- [RECORD SET]:

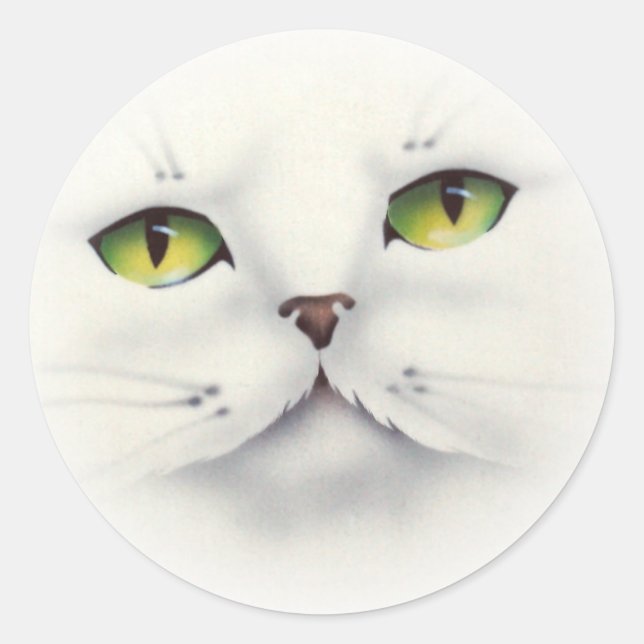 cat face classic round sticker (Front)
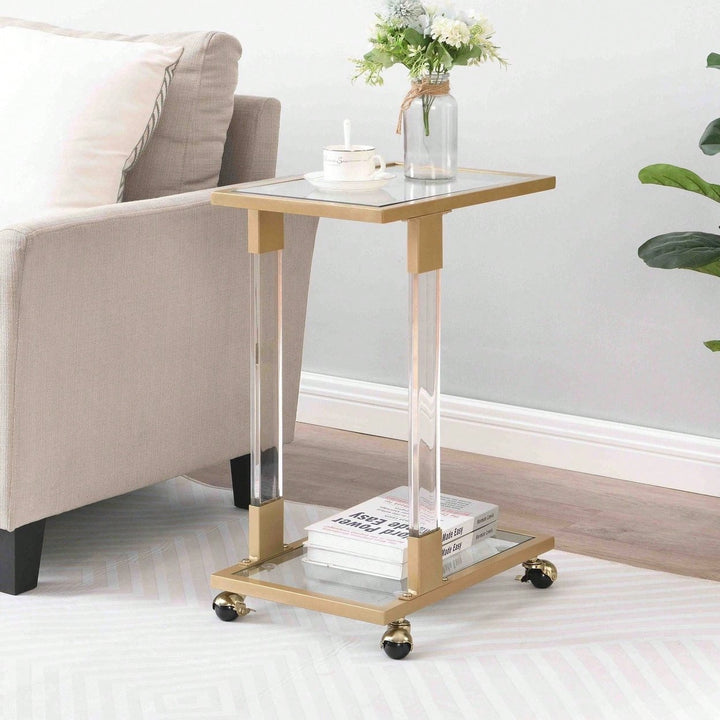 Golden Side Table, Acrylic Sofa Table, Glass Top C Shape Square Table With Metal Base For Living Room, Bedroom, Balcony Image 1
==
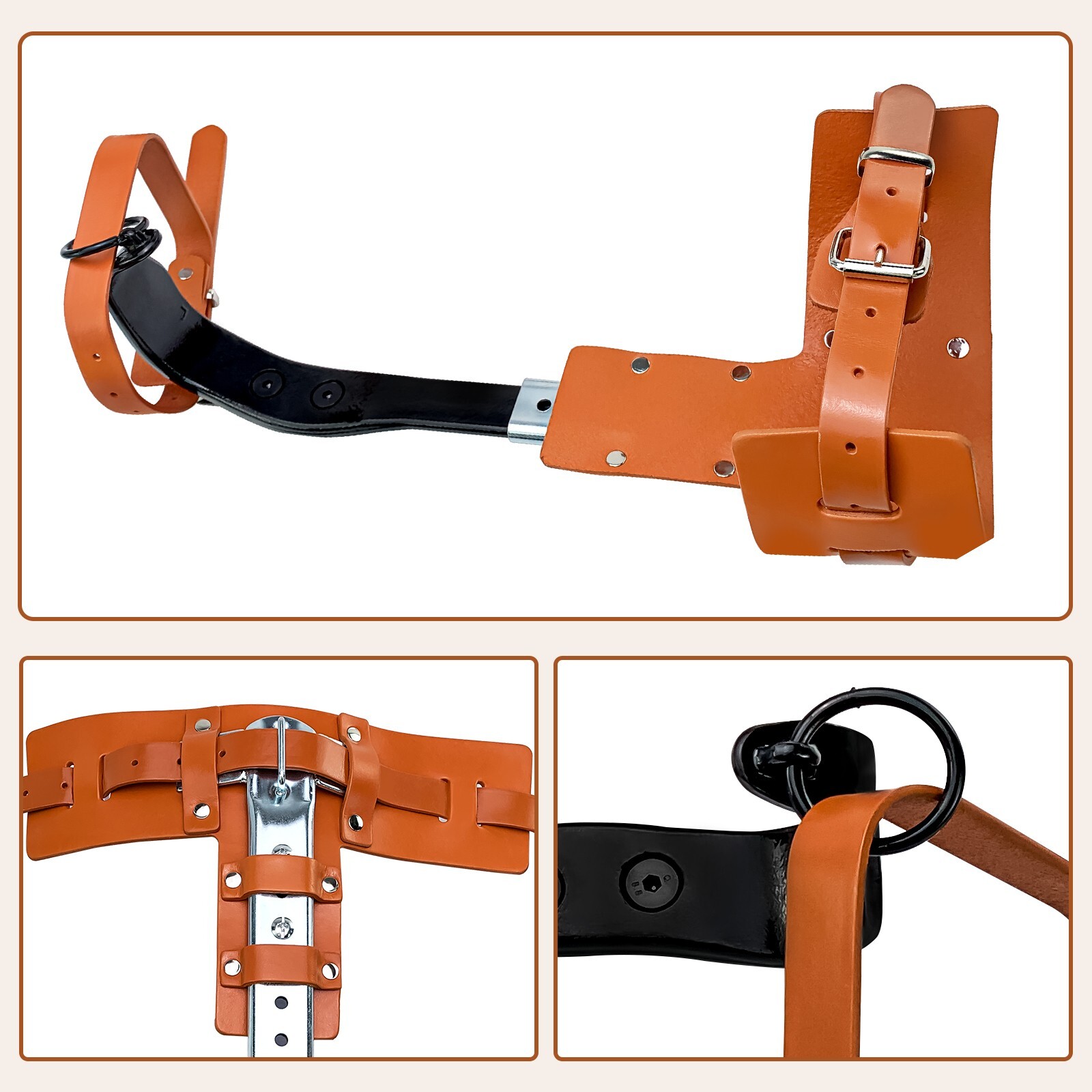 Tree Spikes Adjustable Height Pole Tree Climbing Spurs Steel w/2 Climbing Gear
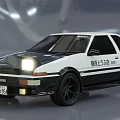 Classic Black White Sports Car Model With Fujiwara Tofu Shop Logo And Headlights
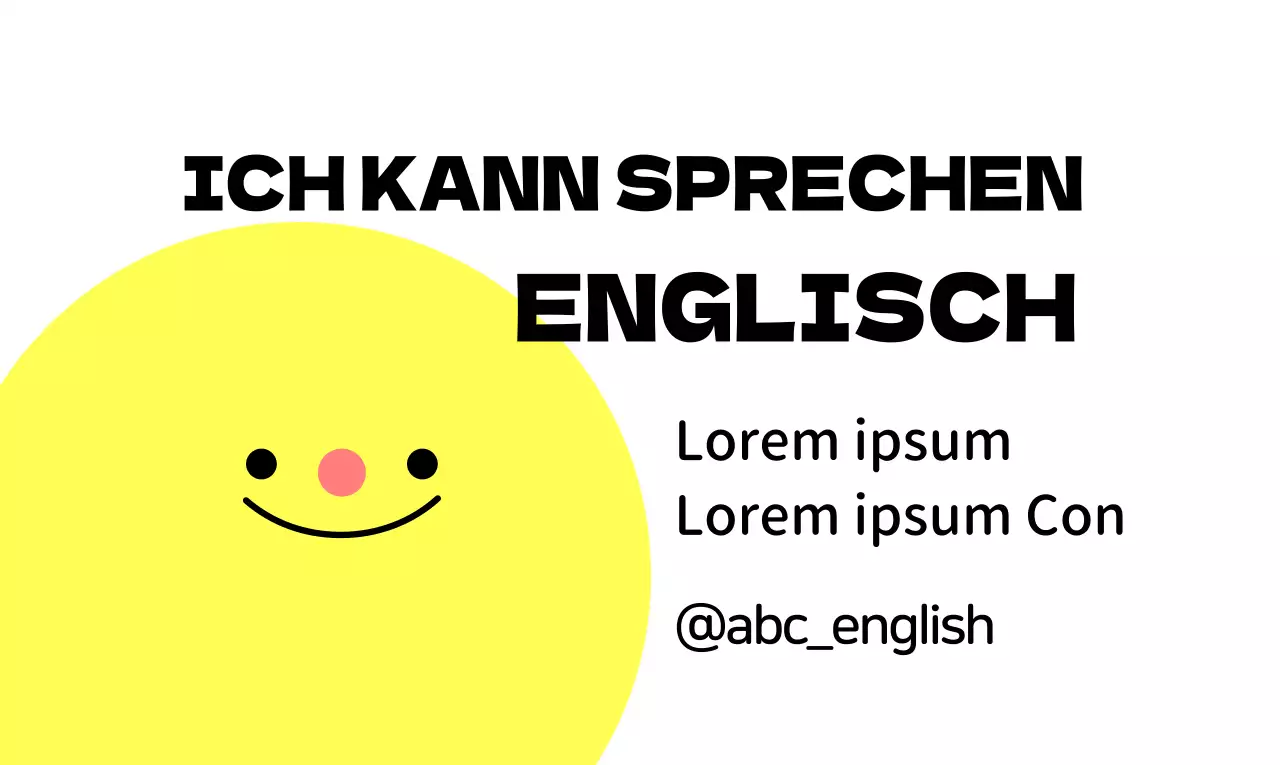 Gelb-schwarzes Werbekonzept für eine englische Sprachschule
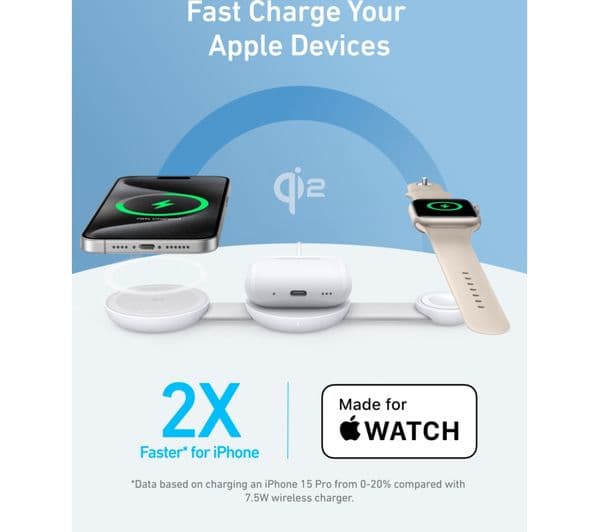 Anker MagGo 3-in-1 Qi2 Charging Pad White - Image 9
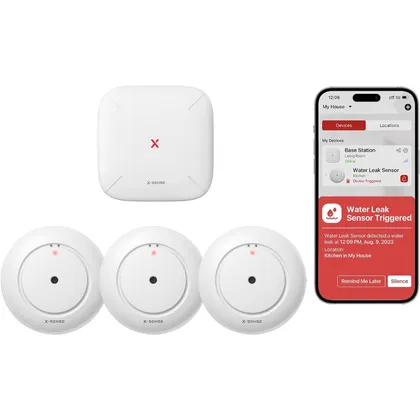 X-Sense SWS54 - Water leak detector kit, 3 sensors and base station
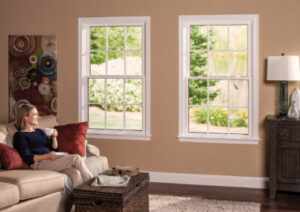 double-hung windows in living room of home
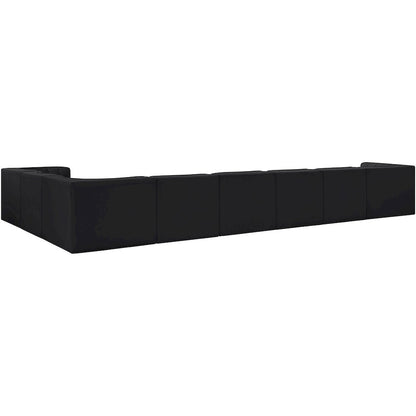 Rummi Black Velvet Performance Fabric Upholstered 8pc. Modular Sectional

- [TASK DETAILS]: From the records above, output only the lines starting at the one containing "double-hung windows in living room of home" and ending at the one containing "Rummi Black Velvet", word for word. Pictures stay out.

- [ANSWER]:
 double-hung windows in living room of home
 Rummi Black Velvet Performance Fabric Upholstered 8pc. Modular Sectional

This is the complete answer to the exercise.